Indeed, while Marx believed that all human phenomena are simply expressions of an underlying economic system, progressivism holds precisely the opposite. Progressives believe that economic systems are expressions of the souls of individual human beings. If a system is unjust, it is because those who built and rule it are unjust. They suffer from some malady of the soul like hate, greed, lust for power, racism, homo/transphobia, etc. If the system is to be made just, the unjust who built and rule it must repent, mend their ways, and make restitution. By doing so, they will, as the prophet put it, “cease to do evil, learn to do good.”
Thus, progressivism, like the Christianity from which it emerged, is in the business of saving souls. Though it would not use such terms, it believes in man’s sinful nature. Once the catechism is accepted, however, the sinner is born again and can live a new and virtuous life.
Of course, progressivism has long since amputated the specifically religious trappings of these ideas. For example, it has no interest in most of Christianity’s strict rules of behavior, especially in the realm of sexuality. But Christianity’s understanding of the process of redemption has remained. Also, to a certain extent, have the ethics of the beatitudes, such as “blessed are the meek” and “woe unto those who are rich.” In effect, progressivism has transmuted Christian religious principles into secular political loyalties.
Marx would likely have disapproved of this. However, his views on religion were not as dismissive as many of his critics claim. In his famous comment on the subject, he wrote, “Religious suffering is, at one and the same time, the expression of real suffering and a protest against real suffering. Religion is the sigh of the oppressed creature, the heart of a heartless world, and the soul of soulless conditions. It is the opium of the people.”

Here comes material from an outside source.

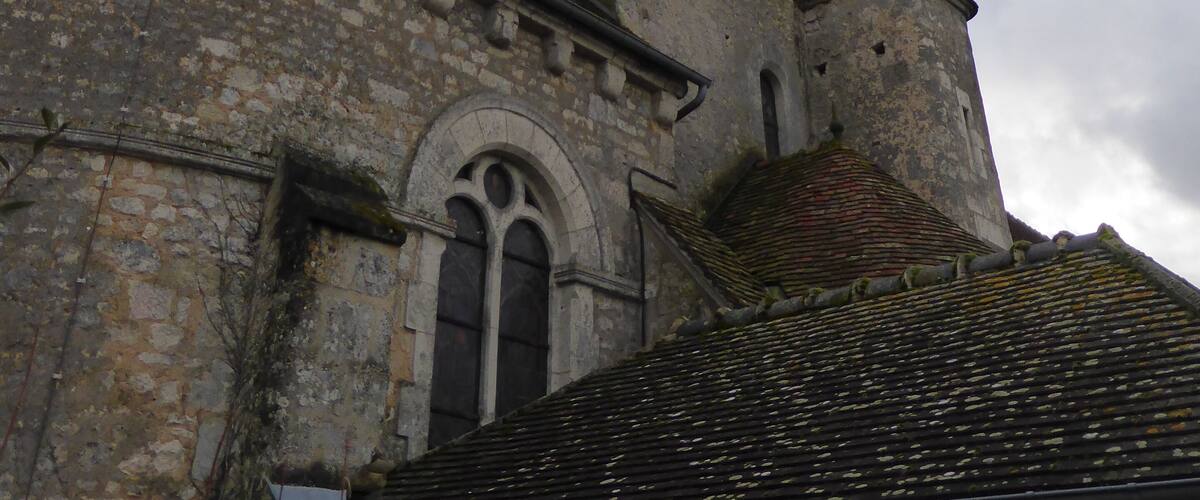 A church with a tall, pointed steeple and a stone building with a rounded arch window.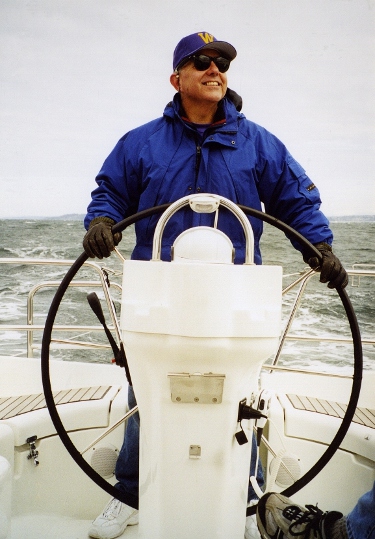 Captain Boyer at the helm of his sailboat.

It should be clear from this that, contrary to popular misconceptions, Marx did not use the term “opium of the people” to claim that religion is used to intoxicate the oppressed in order to induce their submission. He believed that religion, however untrue its claims about the physical and spiritual worlds might be, is a way to remain human in an inhuman world.
It is unlikely that any progressive could fully accept this. By and large, progressivism does not view the world as inhuman. In fact, its environmentalist wing believes that more or less the entire planet is human or at least a sentient organism. Progressives tend to believe that, since the world is a human one, the problems of the world can only be solved if human beings are solved. That is, if human beings can be purified and redeemed by proper instruction.
As in many religions, however, this instruction tends to become coercion in fairly short order. Universalist creeds, unfortunately, rarely know how to deal with people who do not consider the creed universal. Once people begin to think for themselves, trouble starts. Moreover, universalism always serves the majority over the minority. Something is only universal, after all, if everyone believes it. This means that, at the very least, the dissenting minority will be massively outnumbered.
As a result, universalists are almost inevitably oppressive to a greater or lesser degree. Progressives are no exception.
Progressivism is perhaps closest to Marxism in this regard. They both tend to favor “direct action” over gentle persuasion. Neither is averse to political violence. They usually regard themselves as trapped in a desperate struggle that is largely a product of their own imaginations. Generally speaking, they are intolerant and bigoted. Both hold that one can use “any means necessary” in a just cause, though progressives tend to prefer that others actually use them.
This last point is an important one. Progressives are good agitators and good moralizers, but they are not very good foot soldiers. When law-breaking or violence has to be done, they want others to do it: Antifa thugs, Muslim antisemites, anarchist radicals, and so on. While he may despise his own society, something in the progressive still wants to “get ahead” in it. Indeed, many progressives are quite accomplished in their fields and often fairly affluent. Those who are not rarely remain progressives; they set off in more violent directions.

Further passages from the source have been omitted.